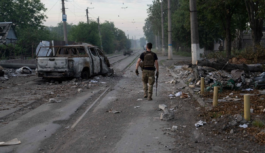 Mercenario mexicano es condenado, en ausencia, a 14 años de prisión en Rusia por combatir para Ucrania Mercenario mexicano es condenado, en ausencia, a 14 años de prisión en Rusia por combatir para Ucrania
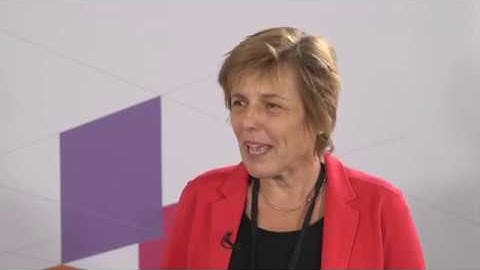 Gabriele von Voigt, eIRG Chair | ESFRI Roadmap 2018 Launch Event, 11.09, Vienna, Austria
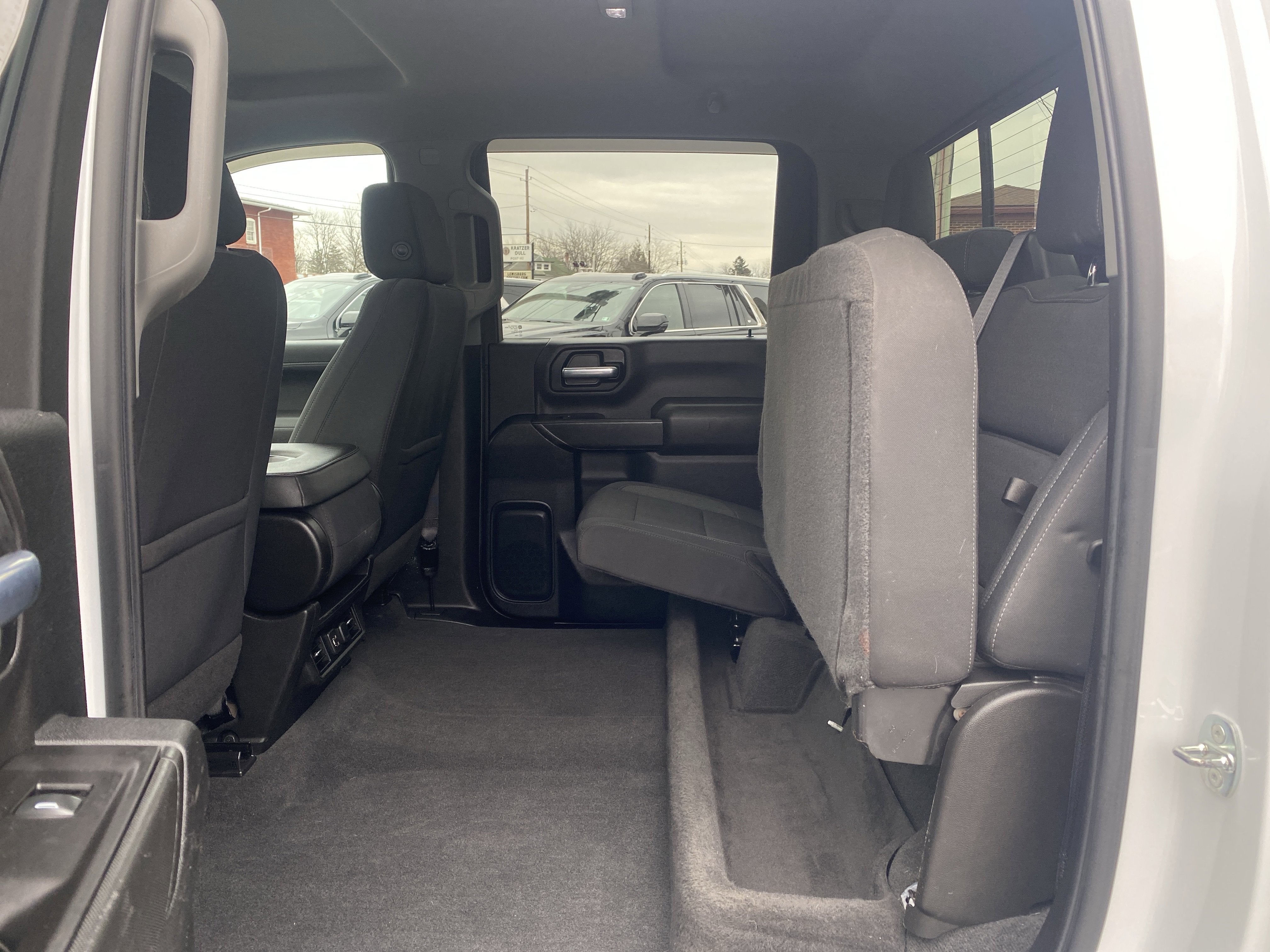 2021 Chevrolet Silverado 2500 HD LT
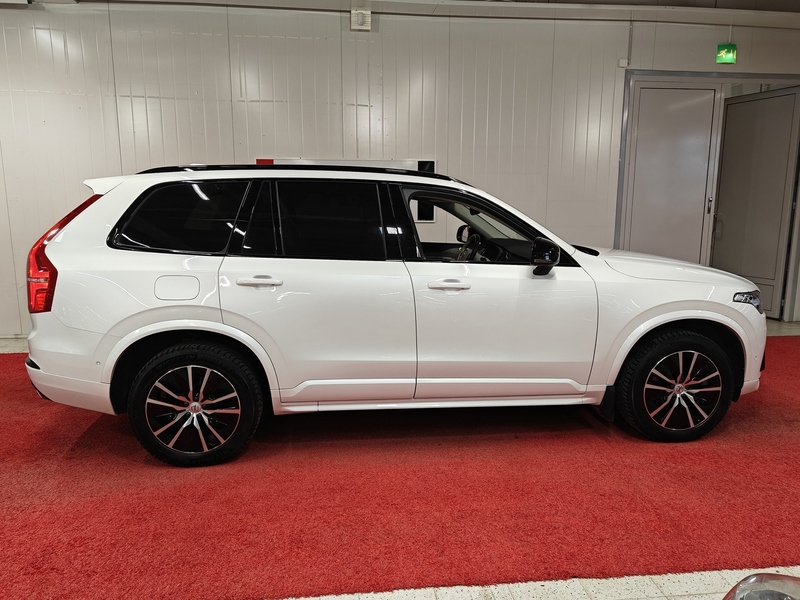 Volvo XC90 vaihtoauto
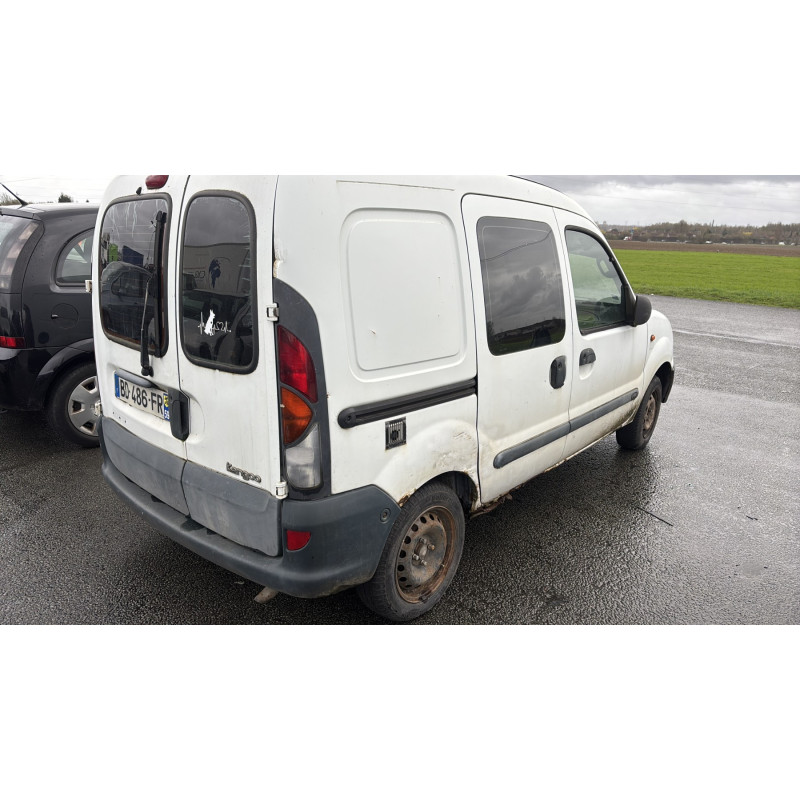 Commodo d'essuie glaces RENAULT KANGOO 1 Photo n°8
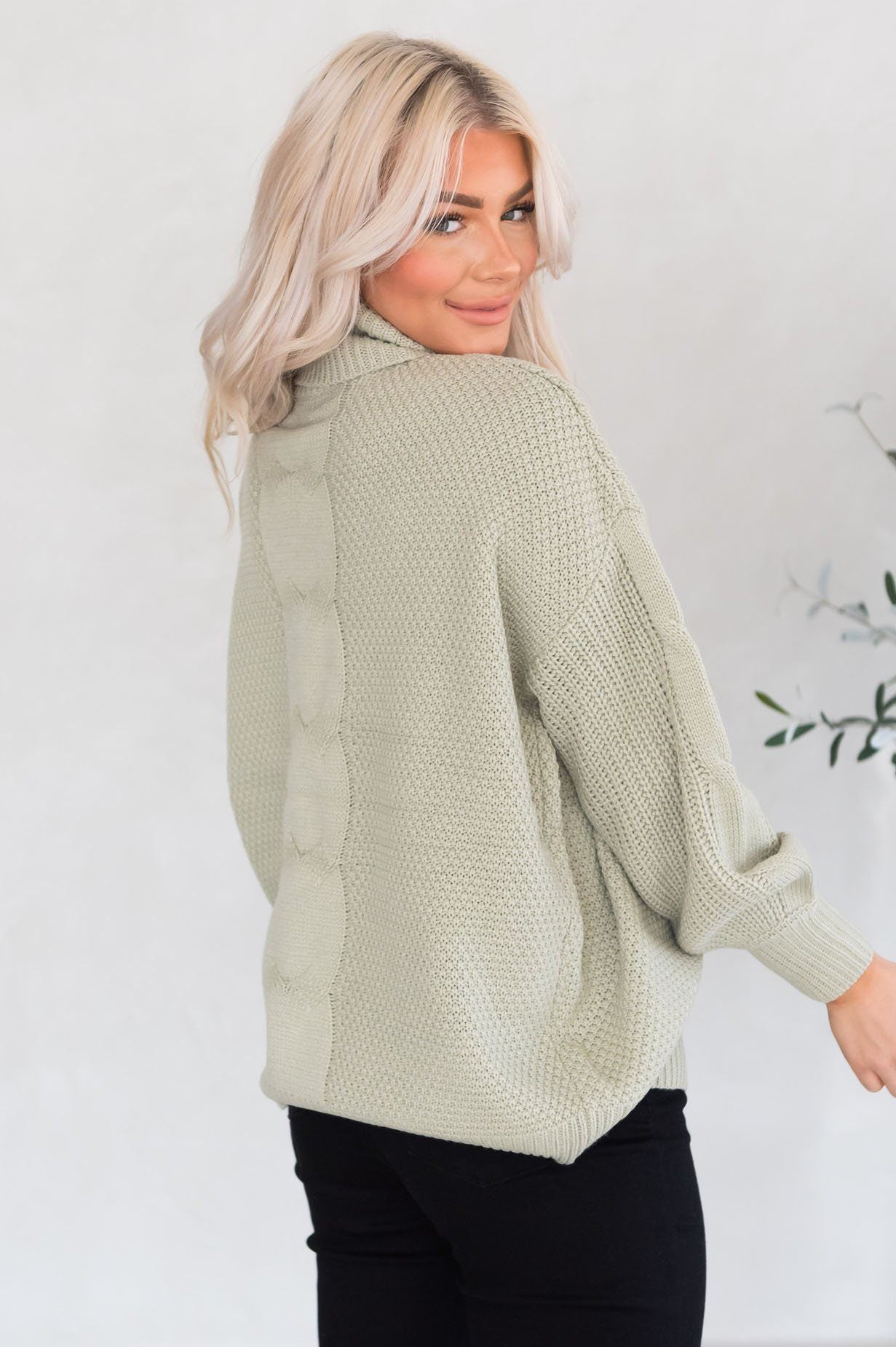 All My Love Modest Sweater Modest Dresses vendor-unknown 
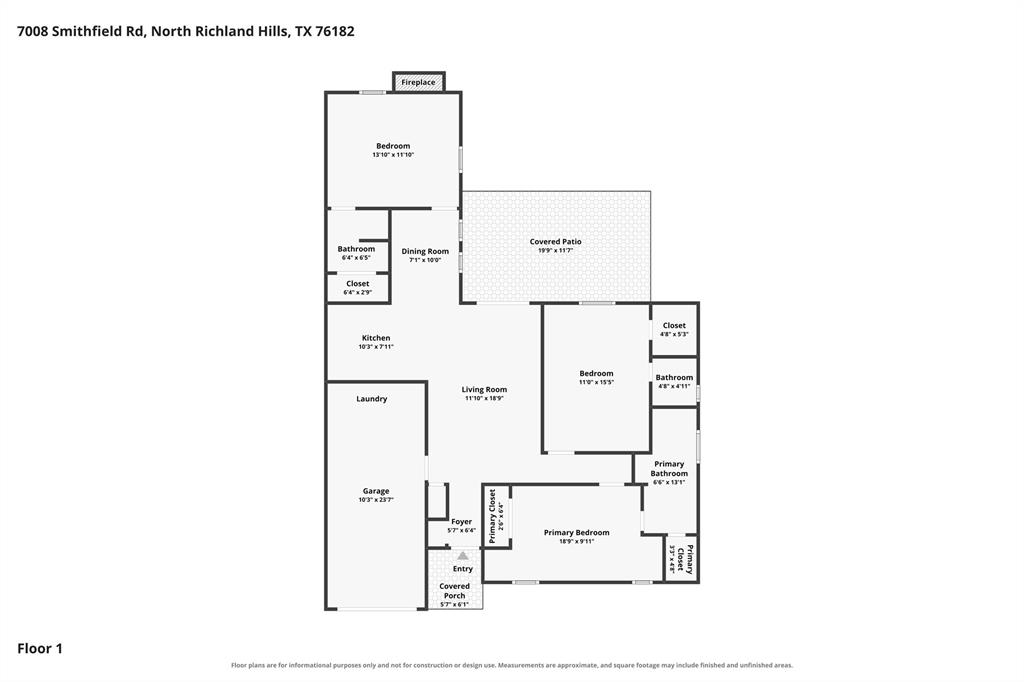 7008 Smithfield Road Property Photo 28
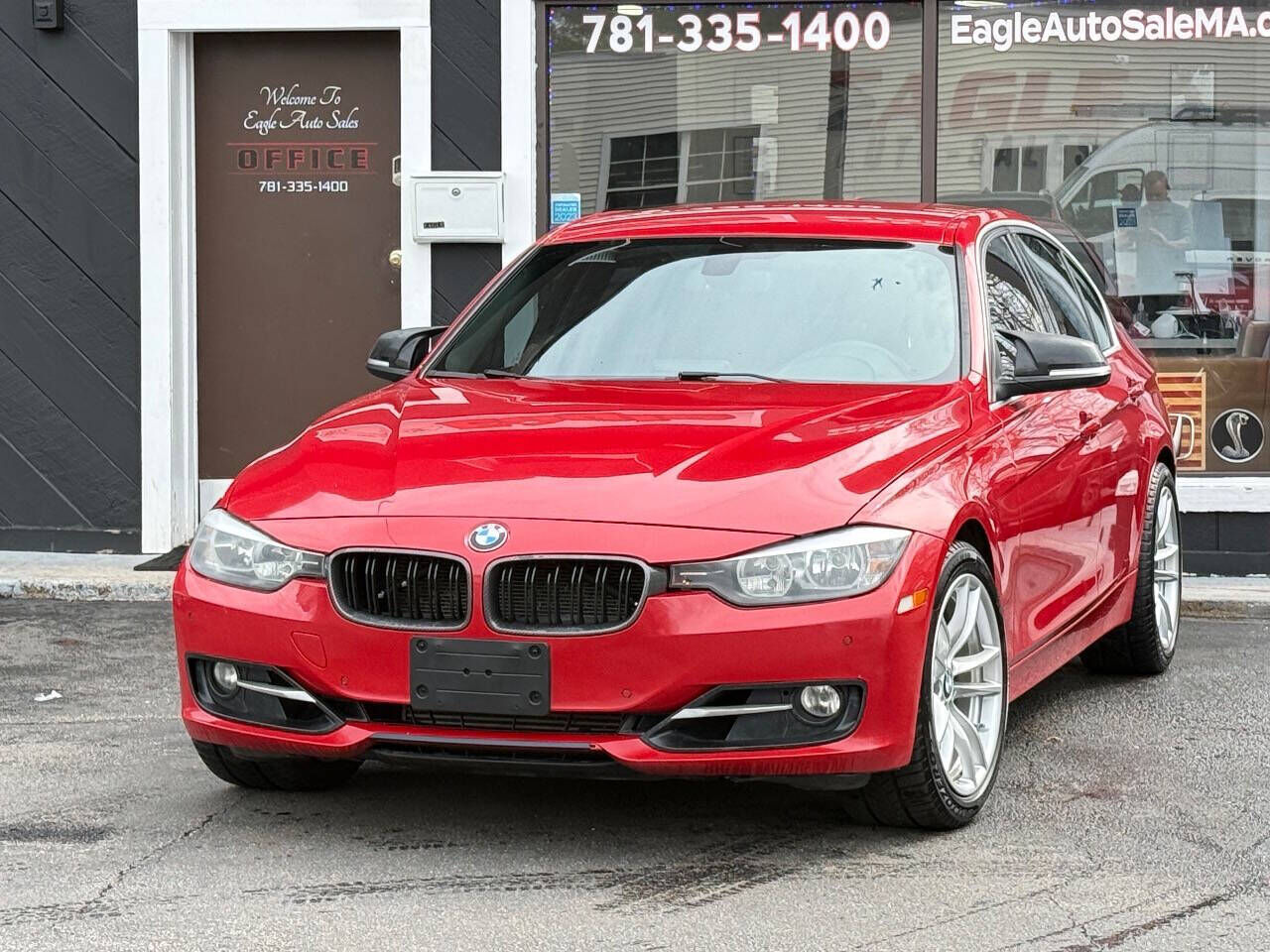 2015 BMW 3 Series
____________________
Exercise >>
In your copy, include no pictures and only the lines from the line with "2021 Chevrolet Silverado 2500 HD LT" through the final line of the listing above, reproduced exactly.

Exercise result >>
 2021 Chevrolet Silverado 2500 HD LT
 Volvo XC90 vaihtoauto
 Commodo d'essuie glaces RENAULT KANGOO 1 Photo n°8
 All My Love Modest Sweater Modest Dresses vendor-unknown 
 7008 Smithfield Road Property Photo 28
 2015 BMW 3 Series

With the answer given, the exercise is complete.